Records drawn from a dataset:
• • • • •
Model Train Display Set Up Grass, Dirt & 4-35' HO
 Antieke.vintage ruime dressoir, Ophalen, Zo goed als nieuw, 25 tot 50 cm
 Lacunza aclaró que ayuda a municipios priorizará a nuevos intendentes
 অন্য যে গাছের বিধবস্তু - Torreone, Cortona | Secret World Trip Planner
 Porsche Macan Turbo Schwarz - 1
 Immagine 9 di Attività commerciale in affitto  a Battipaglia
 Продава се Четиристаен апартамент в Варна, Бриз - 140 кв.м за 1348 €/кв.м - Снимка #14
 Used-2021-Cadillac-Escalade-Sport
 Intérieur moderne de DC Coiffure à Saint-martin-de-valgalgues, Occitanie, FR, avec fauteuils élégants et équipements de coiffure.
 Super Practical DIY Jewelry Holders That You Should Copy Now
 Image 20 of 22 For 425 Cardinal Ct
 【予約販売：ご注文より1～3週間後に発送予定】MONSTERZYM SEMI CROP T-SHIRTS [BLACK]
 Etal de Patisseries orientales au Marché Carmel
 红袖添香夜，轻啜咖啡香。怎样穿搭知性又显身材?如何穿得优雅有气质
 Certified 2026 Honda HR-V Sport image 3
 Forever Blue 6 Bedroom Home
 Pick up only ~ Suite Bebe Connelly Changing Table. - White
• • • • •
**Exercise goal:** If a line comes after the one containing "Porsche Macan Turbo Schwarz - 1", leave it out; set down every line of the data before it, and that line itself, exactly.

**Exercise response:**
Model Train Display Set Up Grass, Dirt & 4-35' HO
 Antieke.vintage ruime dressoir, Ophalen, Zo goed als nieuw, 25 tot 50 cm
 Lacunza aclaró que ayuda a municipios priorizará a nuevos intendentes
 অন্য যে গাছের বিধবস্তু - Torreone, Cortona | Secret World Trip Planner
 Porsche Macan Turbo Schwarz - 1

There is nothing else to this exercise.